Equilibria in Two-Stage Facility Location with Atomic Clients
Simon Krogmann, Pascal Lenzner, Alexander Skopalik, Marc Uetz, Marnix C. Vos
TL;DR
This work analyzes a two-stage facility location game with atomic (unsplittable) clients, where facilities place first and clients respond by patronizing a single facility chosen from their neighborhood, possibly randomized. It introduces a novel potential-based approach with hierarchical client classification and rounding to establish the existence of pure subgame perfect equilibria for unit-weight clients, while showing weighted instances can lack SPE and are NP-hard to approximate within $\phi$; nonetheless, a $k$-approximate SPE always exists. The paper also proves a tight price of anarchy of $2$, indicating strong social welfare at equilibrium when equilibria exist, and provides practical constructions such as minimum neighborhood sets and $\pi$-favoring equilibria to ensure convergence. These results deepen understanding of two-sided competitive facility location and suggest robust techniques for multi-stage strategic interactions with atomic agents.
Abstract
We consider competitive facility location as a two-stage multi-agent system with two types of clients. For a given host graph with weighted clients on the vertices, first facility agents strategically select vertices for opening their facilities. Then, the clients strategically select which of the opened facilities in their neighborhood to patronize. Facilities want to attract as much client weight as possible, clients want to minimize congestion on the chosen facility.

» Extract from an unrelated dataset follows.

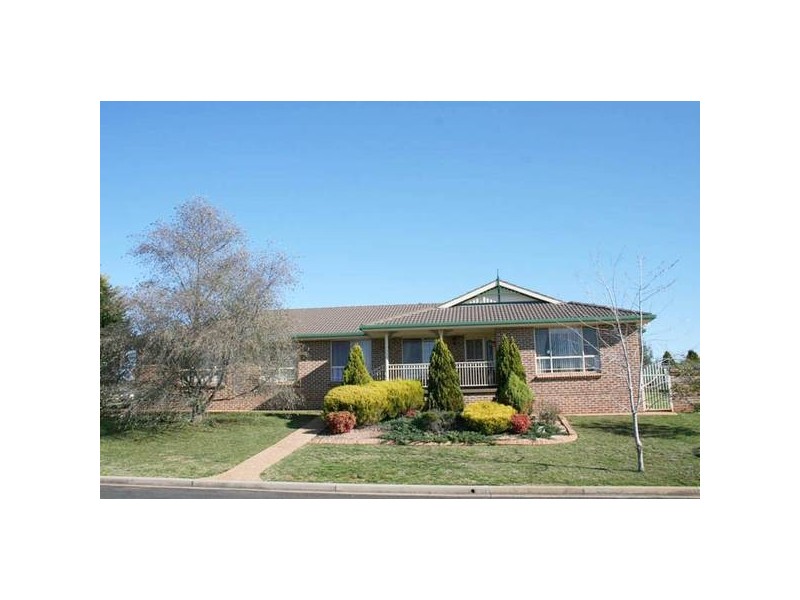 7 Saran Place, Orange NSW 2800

All recently studied versions of this model assume that clients can split their weight strategically. We consider clients with unsplittable weights but allow mixed strategies. So clients may randomize over which facility to patronize. Besides modeling a natural client behavior, this subtle change yields drastic changes, e.g., for a given facility placement, qualitatively different client equilibria are possible. As our main result, we show that pure subgame perfect equilibria always exist if all client weights are identical. For this, we use a novel potential function argument, employing a hierarchical classification of the clients and sophisticated rounding in each step. In contrast, for non-identical clients, we show that deciding the existence of even approximately stable states is computationally intractable. On the positive side, we give a tight bound of $2$ on the price of anarchy which implies high social welfare of equilibria, if they exist.